A toy car is powered by water and compressed air. When the car is fully pumped up and released, it accelerates at 2 $m{s}^{-2}$ for 3 seconds. As soon as this water runs out the car begins to slow down. The car travels 27 meters before coming to rest. What is its rate of acceleration when stopping and what is the total time of the motion?

• A. a = - 2 , t = 6 s
• B. a = - 1 , t = 9 s
• C. a = - 2 , t = 9 s
• D. a = - 1 , t = 6 s

Answer 1

The correct option is B

a = - 1 , t = 9 s

Divide this question into two parts.
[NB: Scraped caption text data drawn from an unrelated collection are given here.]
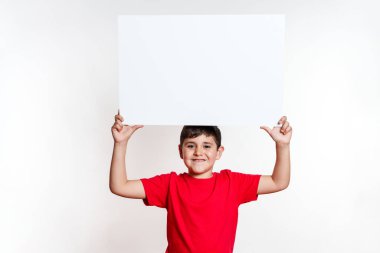 Genç bir çocuk elinde beyaz bir işaret tutuyor. Çocuk kırmızı gömlek ve mavi kot pantolon giyiyor.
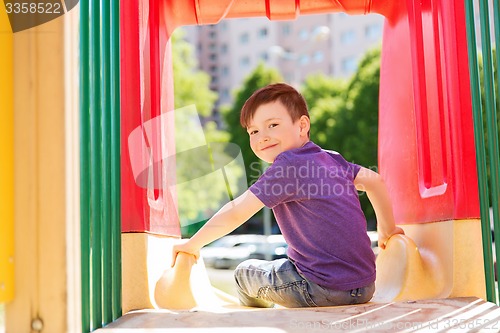 Image of happy little boy on slide at children playground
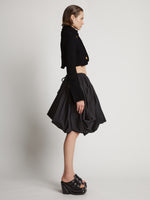 Side image of model wearing Boucle Tweed Crop Jacket in black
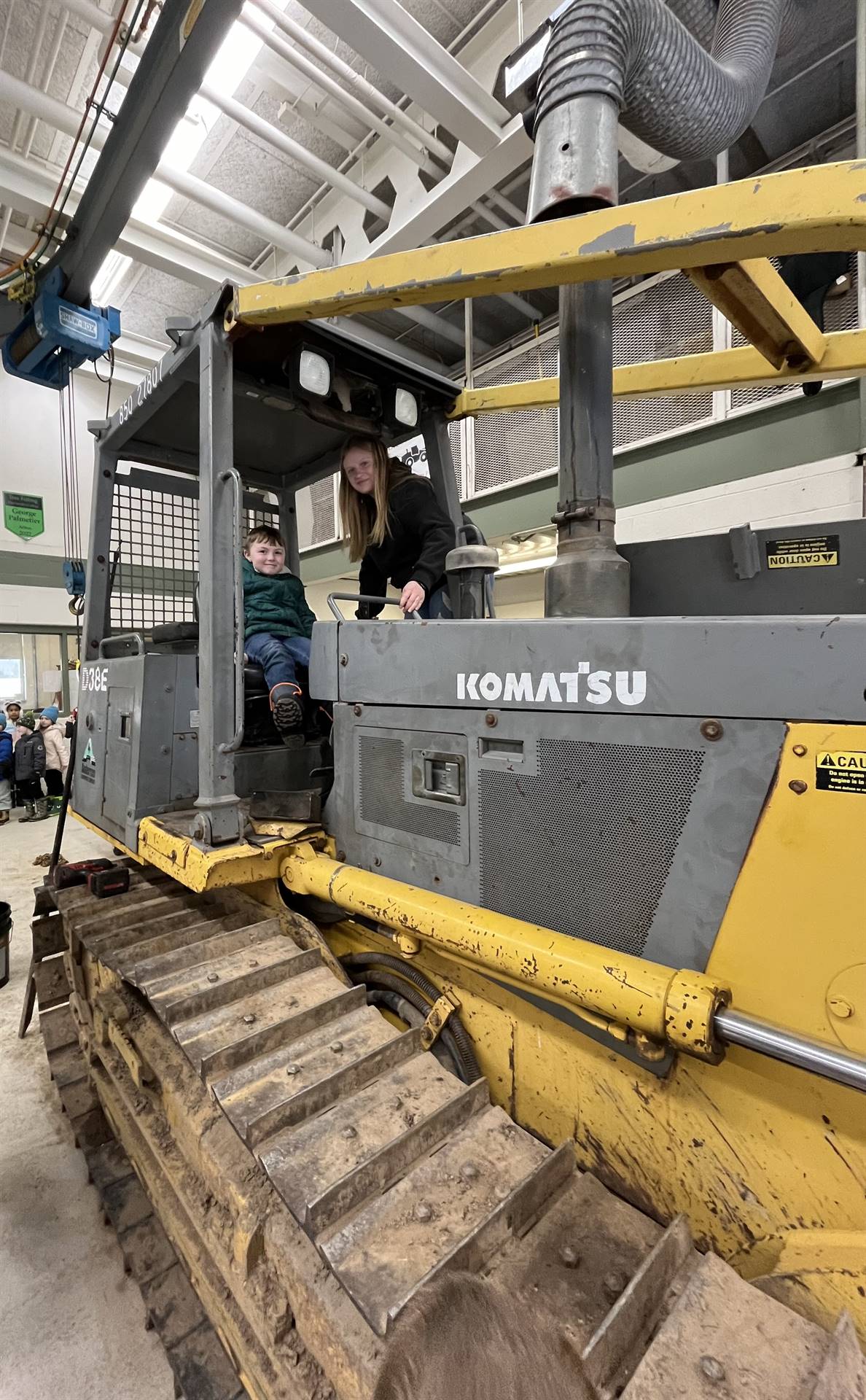 student on large digger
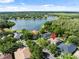 Beautiful aerial view of home nestled in a lush, green landscape near a serene lake at 8376 Golden Prairie Dr, Tampa, FL 33647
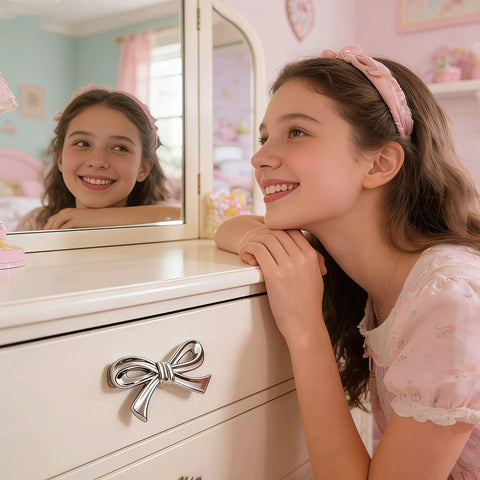 Girl smiling near dresser with Pink And Silver Bow Dresser Knobs For Kids Rooms, Zinc Alloy 3D Decorative Drawer Pulls, ideal for girls' decor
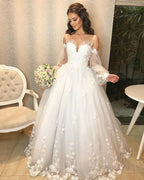 Vestido de Noiva Longo Princesa em Tule com Ombros Descobertos e Mangas Bufantes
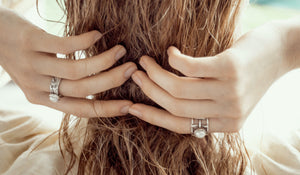 blond woman touching her hair with the two hands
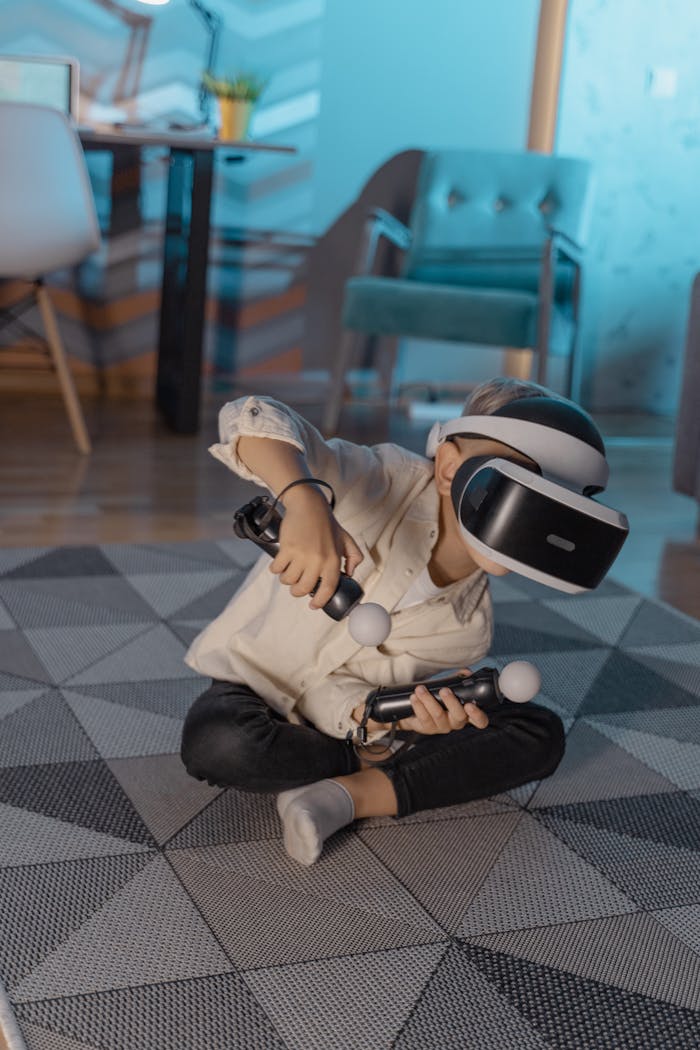 services-06 A young boy sitting on a geometric carpet plays with VR goggles and controllers indoors.
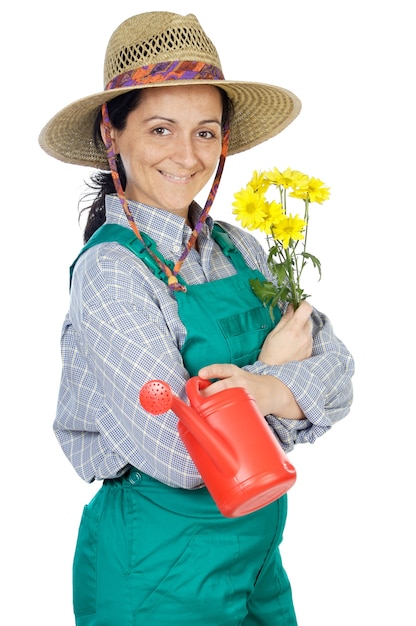 Attractive happy woman dressed gardener 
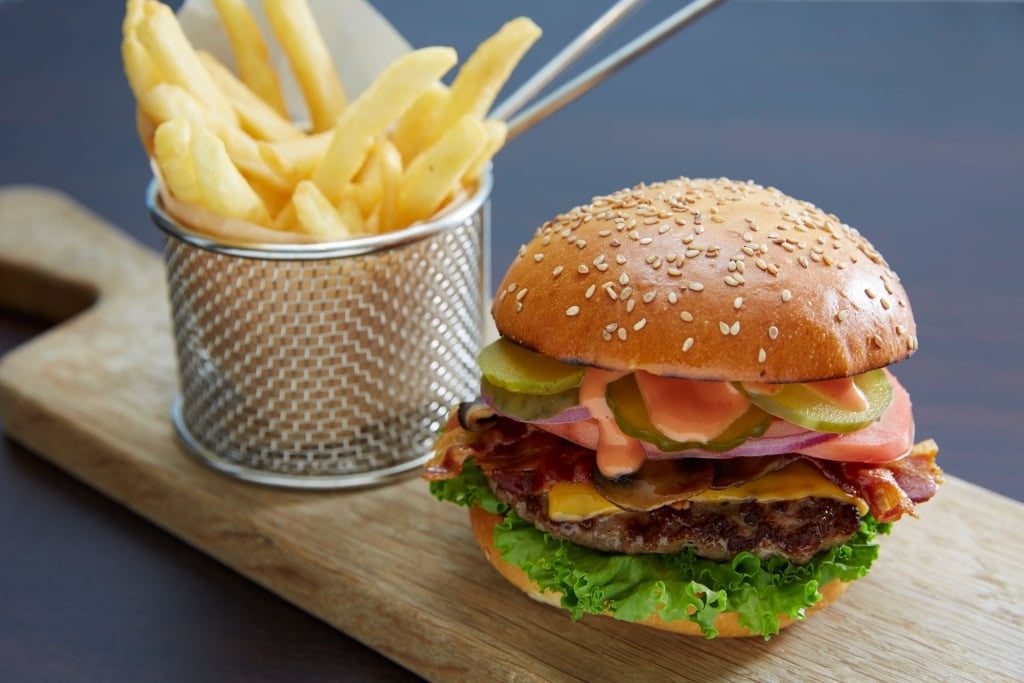 Delicious cheeseburger and fries on a wooden platter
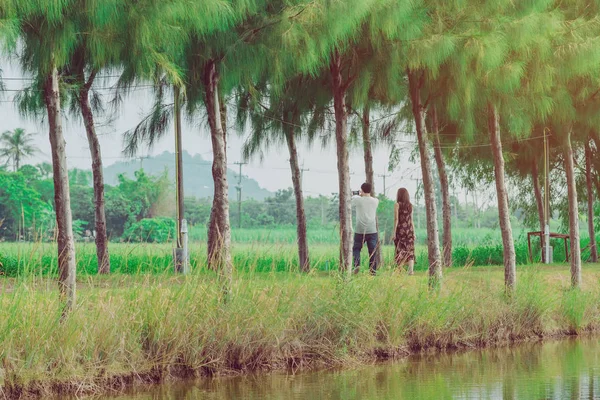 Pareja caminando y tomando fotos bajo los pinos en el parque público. — Foto de Stock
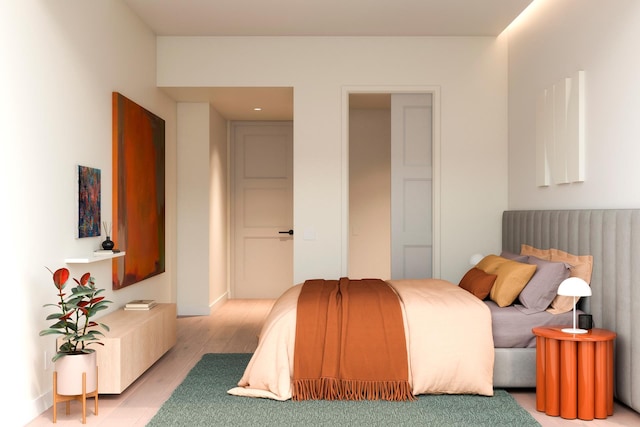 bedroom featuring light wood-style floors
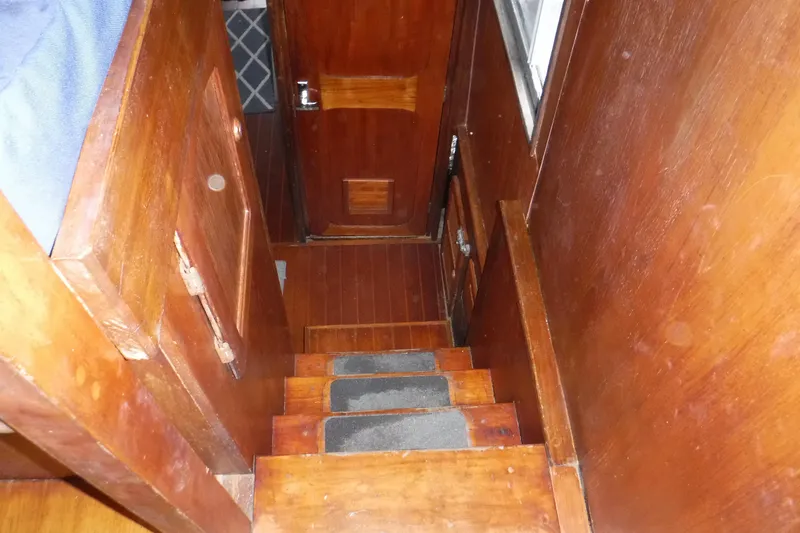 Slide: The Image of Wooden interior stairs of 1988 Dudley Dix Echo 38 sailboat. - 18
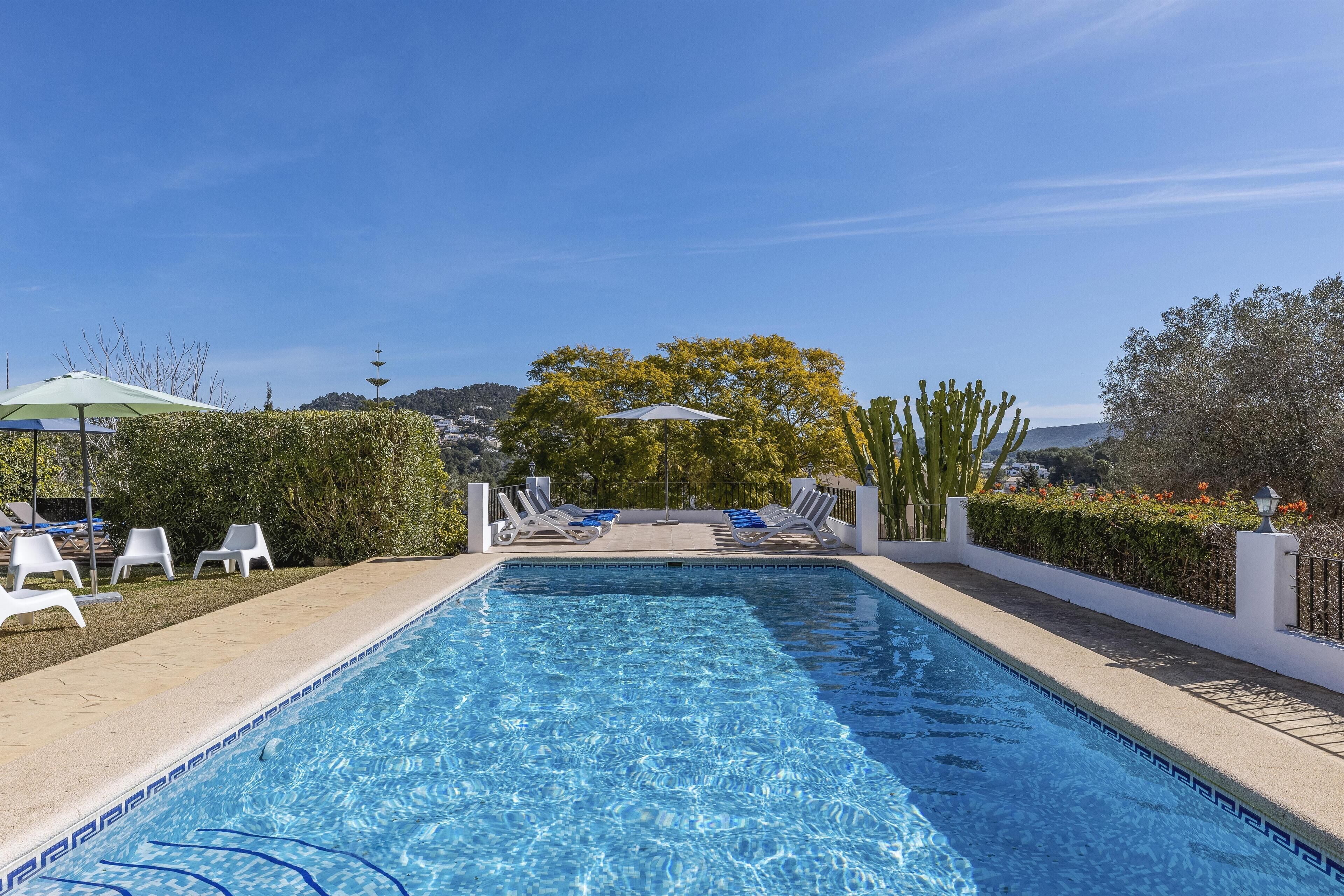 A rectangular swimming pool with clear blue water, surrounded by white lounge chairs and umbrellas, with a view of trees and hills in the background.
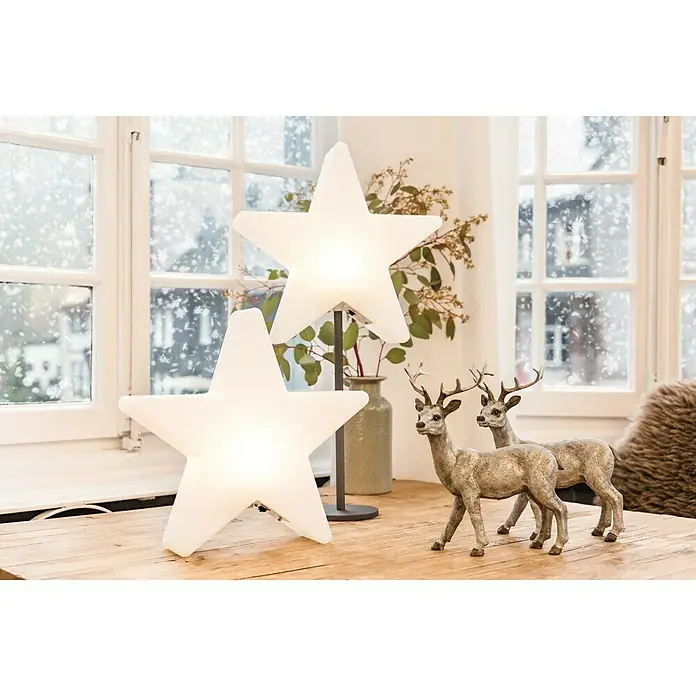 8 Seasons Design Shining LED-Stern Star - Außen, 10 cm, Neutralweiß - Dekorative Szene mit zwei leuchtenden Sternlampen und zwei Zierrehen auf einem Holztisch, vor einem Fenster mit Schnee.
One in which it accelerates from $0m{s}^{-1}$ to $v_{1}m{s}^{-1}$. Next, in which it decelerates from $v_{1}m{s}^{-1}$ to $0m{s}^{-1}$.

1^st Part:

Using second equation of motion, $s=ut+\frac{1}{2}a{t}^2$

$s_1=0+\frac{1}{2}\times 2\times 3^2=9m$

Using first equation of motion, $v=u+at$

$v_1=0+2\times 3=6m{s}^{-1}$

2^nd part:

Now, final velocity $=0$

Using third equation of motion:

$v^2=u^2+2as$

$0^2=6^2+2as$

$s=\frac{-18}{a}$

Now, total distance travelled, $9+\frac{-18}{a}=27$

$a=-1m{s}^{-2}$

And, $0=6+(-1)t_2$

$t_2=6s$

Total time $=3+6=9$ sec